Records for processing: Begin
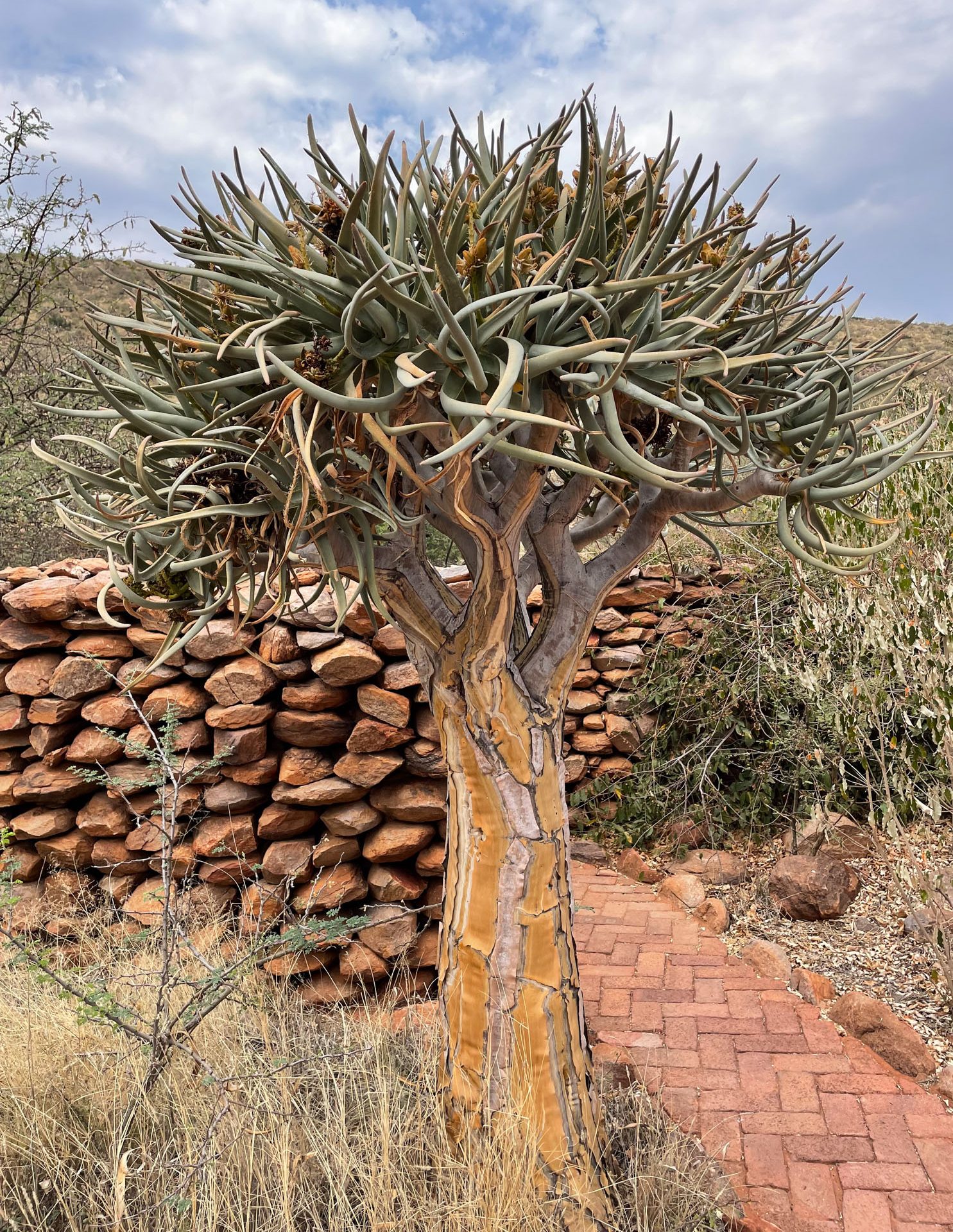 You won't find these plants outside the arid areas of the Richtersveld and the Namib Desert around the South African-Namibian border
Records for processing: End
Records for processing: Begin
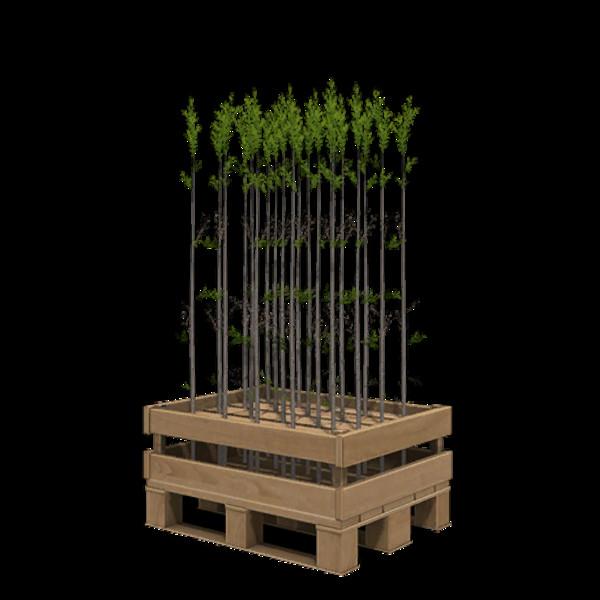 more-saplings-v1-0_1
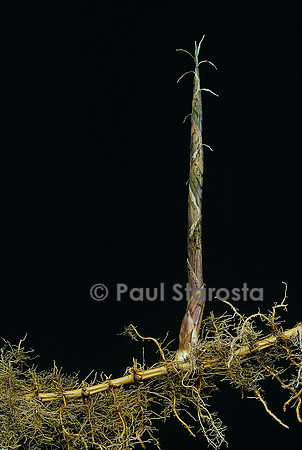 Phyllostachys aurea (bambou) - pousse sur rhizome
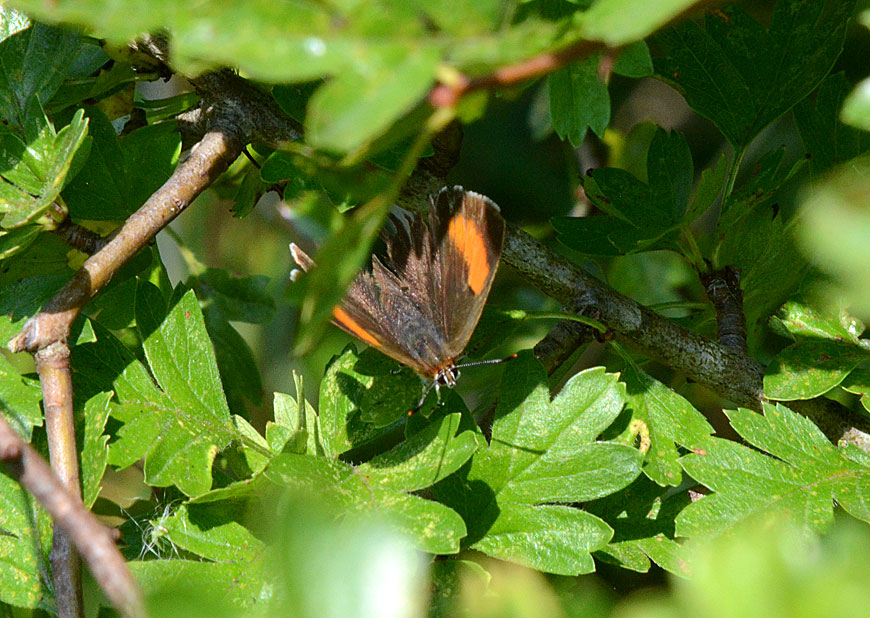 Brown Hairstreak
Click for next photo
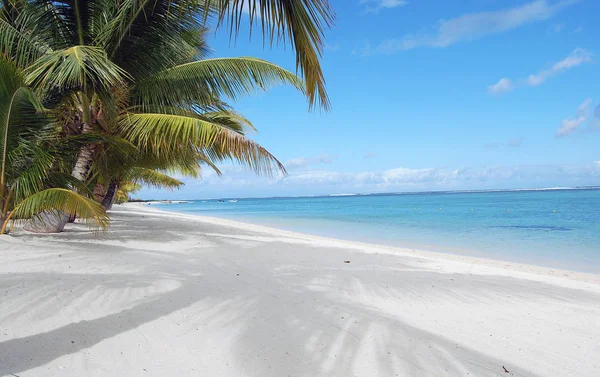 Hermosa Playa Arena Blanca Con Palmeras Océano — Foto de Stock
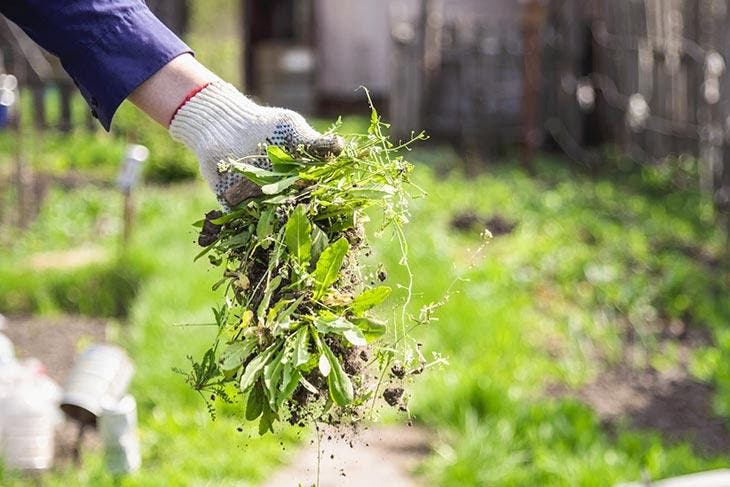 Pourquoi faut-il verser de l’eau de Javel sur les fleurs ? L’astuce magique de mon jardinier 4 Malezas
Records for processing: End
What's needed is an exact copy of the records above from the line containing "Click for next photo" down to the line containing "Pourquoi faut-il verser", both included, without any pictures.

● Output
Click for next photo
 Hermosa Playa Arena Blanca Con Palmeras Océano — Foto de Stock
 Pourquoi faut-il verser de l’eau de Javel sur les fleurs ? L’astuce magique de mon jardinier 4 Malezas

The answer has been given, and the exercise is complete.